### Required action
Find the lines below that contain the string "Sleep", count them, and give only the number.

(Dataset items)
==============================
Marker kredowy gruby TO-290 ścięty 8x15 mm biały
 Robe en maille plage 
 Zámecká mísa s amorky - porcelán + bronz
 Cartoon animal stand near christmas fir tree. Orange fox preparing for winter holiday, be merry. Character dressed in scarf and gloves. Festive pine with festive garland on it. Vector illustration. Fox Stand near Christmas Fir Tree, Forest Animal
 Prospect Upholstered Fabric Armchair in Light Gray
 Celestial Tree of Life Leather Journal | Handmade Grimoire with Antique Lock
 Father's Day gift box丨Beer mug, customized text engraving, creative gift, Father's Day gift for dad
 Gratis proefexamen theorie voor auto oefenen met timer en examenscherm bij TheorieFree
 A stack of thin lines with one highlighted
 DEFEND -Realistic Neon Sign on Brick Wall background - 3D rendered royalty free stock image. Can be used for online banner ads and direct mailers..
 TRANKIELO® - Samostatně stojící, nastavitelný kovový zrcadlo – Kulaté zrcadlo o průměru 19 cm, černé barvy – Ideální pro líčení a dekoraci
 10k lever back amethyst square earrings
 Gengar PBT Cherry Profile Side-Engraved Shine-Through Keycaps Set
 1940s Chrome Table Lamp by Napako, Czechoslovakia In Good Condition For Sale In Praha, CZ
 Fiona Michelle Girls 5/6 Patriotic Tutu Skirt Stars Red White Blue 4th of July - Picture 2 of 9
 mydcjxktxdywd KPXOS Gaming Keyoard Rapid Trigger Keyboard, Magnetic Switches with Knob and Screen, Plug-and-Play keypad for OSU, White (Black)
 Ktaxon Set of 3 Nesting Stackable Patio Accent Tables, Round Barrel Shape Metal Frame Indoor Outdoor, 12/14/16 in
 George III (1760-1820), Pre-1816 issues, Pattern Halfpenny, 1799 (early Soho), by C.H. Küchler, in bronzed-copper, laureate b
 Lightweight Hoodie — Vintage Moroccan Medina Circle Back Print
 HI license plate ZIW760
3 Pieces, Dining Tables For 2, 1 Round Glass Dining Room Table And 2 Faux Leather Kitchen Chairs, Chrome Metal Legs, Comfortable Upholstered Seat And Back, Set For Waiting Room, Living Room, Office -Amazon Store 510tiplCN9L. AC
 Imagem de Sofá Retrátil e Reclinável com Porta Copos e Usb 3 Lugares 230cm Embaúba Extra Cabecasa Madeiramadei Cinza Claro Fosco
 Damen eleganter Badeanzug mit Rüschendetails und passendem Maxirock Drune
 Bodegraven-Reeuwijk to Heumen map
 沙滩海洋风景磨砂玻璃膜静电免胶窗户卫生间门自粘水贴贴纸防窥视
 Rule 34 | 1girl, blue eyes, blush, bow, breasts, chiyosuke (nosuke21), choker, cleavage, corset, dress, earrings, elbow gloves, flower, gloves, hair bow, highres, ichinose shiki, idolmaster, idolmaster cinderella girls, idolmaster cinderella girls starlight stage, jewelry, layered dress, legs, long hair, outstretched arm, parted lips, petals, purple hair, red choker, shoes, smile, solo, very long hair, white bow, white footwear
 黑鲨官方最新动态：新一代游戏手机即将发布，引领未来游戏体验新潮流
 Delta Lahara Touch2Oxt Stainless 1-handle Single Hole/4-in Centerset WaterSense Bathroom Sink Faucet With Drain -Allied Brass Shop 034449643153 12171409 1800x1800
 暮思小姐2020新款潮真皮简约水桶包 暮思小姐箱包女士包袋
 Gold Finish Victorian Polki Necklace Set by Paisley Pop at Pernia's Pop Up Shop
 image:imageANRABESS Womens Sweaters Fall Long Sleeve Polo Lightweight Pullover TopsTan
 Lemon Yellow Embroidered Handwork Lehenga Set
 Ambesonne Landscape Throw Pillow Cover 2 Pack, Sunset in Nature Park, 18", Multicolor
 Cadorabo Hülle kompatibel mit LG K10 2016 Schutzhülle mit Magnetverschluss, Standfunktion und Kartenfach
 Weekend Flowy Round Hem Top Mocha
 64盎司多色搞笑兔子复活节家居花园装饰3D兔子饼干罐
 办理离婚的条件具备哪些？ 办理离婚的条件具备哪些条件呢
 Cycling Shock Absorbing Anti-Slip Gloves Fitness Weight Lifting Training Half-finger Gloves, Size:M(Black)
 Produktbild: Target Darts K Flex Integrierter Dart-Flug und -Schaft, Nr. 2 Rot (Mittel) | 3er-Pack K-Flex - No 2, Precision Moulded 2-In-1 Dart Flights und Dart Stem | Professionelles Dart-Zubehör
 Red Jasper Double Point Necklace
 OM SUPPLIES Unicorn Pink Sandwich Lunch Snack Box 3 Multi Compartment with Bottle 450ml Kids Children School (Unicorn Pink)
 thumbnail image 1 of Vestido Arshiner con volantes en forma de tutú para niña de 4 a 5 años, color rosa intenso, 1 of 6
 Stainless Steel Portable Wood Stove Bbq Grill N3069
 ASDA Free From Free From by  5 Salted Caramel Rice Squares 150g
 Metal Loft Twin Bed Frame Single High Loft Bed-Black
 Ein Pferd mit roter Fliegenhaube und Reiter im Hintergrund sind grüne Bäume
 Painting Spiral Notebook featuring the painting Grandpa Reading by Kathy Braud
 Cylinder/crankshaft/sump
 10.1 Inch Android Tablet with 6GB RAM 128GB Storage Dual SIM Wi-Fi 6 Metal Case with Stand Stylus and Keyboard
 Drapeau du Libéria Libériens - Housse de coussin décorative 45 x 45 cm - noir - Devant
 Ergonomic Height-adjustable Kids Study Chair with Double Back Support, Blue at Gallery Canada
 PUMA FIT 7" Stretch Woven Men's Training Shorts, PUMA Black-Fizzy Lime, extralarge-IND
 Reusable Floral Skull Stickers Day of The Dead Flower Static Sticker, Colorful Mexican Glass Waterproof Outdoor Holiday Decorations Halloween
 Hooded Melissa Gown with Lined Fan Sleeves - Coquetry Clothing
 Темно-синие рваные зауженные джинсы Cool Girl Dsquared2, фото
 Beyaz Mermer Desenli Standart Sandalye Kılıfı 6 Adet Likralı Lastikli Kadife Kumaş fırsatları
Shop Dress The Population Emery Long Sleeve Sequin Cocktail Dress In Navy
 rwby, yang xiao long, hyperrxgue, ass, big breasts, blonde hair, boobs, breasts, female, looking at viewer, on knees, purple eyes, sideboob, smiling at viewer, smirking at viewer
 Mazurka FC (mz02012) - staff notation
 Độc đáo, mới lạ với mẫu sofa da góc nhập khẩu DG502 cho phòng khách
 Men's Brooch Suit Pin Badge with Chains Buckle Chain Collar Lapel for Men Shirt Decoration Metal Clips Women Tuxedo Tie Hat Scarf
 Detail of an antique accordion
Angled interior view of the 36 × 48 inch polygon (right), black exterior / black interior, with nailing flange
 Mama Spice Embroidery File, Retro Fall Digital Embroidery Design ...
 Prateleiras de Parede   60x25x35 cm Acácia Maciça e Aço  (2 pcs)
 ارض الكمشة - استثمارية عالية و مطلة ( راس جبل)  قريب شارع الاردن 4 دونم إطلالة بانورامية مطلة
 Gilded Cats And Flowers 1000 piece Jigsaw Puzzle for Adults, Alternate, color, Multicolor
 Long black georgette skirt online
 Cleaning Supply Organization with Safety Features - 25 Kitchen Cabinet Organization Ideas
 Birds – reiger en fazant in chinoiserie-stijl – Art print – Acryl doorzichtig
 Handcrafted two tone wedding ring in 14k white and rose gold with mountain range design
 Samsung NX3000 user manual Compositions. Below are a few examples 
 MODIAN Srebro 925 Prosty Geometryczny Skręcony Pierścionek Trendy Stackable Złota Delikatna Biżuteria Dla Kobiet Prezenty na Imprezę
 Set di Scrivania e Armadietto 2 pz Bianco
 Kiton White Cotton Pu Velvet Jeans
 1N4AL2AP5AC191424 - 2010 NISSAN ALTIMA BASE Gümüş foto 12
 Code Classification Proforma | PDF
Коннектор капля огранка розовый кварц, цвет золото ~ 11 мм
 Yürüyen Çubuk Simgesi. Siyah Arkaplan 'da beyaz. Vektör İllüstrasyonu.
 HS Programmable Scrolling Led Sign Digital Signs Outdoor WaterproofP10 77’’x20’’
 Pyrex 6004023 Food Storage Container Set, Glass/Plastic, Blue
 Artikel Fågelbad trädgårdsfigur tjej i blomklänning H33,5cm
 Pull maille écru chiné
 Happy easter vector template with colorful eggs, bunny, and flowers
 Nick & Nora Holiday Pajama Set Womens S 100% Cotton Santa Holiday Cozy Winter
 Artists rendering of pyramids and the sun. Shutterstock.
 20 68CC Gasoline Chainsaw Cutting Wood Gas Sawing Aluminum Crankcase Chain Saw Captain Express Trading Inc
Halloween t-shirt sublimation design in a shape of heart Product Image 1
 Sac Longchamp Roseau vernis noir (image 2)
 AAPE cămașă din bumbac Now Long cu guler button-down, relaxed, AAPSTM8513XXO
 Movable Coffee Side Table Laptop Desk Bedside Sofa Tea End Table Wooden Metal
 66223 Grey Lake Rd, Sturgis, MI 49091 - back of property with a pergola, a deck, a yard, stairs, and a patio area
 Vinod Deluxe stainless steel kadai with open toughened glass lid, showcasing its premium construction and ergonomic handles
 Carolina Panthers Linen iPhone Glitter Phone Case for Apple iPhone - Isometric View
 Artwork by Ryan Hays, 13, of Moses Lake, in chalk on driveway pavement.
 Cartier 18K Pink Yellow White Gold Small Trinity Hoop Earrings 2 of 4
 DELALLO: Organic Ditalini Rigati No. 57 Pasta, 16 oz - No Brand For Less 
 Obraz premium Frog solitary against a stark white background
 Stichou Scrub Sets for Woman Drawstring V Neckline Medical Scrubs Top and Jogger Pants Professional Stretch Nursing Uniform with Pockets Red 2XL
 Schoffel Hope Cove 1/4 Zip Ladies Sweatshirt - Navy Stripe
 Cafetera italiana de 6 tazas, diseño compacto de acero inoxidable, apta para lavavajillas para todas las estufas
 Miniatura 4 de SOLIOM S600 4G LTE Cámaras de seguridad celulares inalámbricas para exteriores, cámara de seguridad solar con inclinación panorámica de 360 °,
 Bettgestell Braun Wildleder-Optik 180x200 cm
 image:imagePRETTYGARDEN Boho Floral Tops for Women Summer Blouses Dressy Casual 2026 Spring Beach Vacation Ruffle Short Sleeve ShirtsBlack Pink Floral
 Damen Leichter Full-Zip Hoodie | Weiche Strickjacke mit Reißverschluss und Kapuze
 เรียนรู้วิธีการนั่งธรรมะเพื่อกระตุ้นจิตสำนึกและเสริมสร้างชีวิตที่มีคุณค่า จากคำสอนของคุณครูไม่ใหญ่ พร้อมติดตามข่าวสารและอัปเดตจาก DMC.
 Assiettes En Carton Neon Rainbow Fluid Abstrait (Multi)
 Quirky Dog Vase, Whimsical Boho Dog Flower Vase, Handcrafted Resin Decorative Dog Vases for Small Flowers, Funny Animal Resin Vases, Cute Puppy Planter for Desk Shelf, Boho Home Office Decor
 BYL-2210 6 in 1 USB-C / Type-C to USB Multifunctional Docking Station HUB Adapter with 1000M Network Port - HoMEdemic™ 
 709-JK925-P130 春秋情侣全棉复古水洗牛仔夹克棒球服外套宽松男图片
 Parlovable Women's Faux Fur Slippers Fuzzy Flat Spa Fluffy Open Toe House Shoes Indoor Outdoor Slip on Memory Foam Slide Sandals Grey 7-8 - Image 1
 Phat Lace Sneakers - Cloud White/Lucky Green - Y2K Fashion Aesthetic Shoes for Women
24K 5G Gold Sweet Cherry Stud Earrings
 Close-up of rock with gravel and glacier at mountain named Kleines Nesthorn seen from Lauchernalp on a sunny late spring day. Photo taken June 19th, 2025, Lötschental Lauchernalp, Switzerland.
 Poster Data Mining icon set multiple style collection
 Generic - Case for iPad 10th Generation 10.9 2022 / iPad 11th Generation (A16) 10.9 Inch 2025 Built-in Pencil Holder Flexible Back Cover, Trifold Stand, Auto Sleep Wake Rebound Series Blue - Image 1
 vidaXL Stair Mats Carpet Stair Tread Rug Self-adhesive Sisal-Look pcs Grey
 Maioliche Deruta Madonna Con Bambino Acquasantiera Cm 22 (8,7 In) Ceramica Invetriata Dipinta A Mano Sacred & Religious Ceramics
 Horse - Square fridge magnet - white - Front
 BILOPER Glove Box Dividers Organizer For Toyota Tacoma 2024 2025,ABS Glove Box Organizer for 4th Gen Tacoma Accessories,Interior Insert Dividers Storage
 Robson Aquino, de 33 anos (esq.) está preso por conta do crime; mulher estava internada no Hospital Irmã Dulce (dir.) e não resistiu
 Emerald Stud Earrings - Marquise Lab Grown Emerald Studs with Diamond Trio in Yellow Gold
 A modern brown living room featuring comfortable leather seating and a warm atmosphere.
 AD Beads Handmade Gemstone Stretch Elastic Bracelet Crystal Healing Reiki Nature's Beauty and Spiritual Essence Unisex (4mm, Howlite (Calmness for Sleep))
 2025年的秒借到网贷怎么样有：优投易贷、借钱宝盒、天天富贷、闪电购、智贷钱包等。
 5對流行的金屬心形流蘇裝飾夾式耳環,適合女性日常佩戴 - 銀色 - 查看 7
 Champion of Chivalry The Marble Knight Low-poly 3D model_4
==============================
### Answer section
2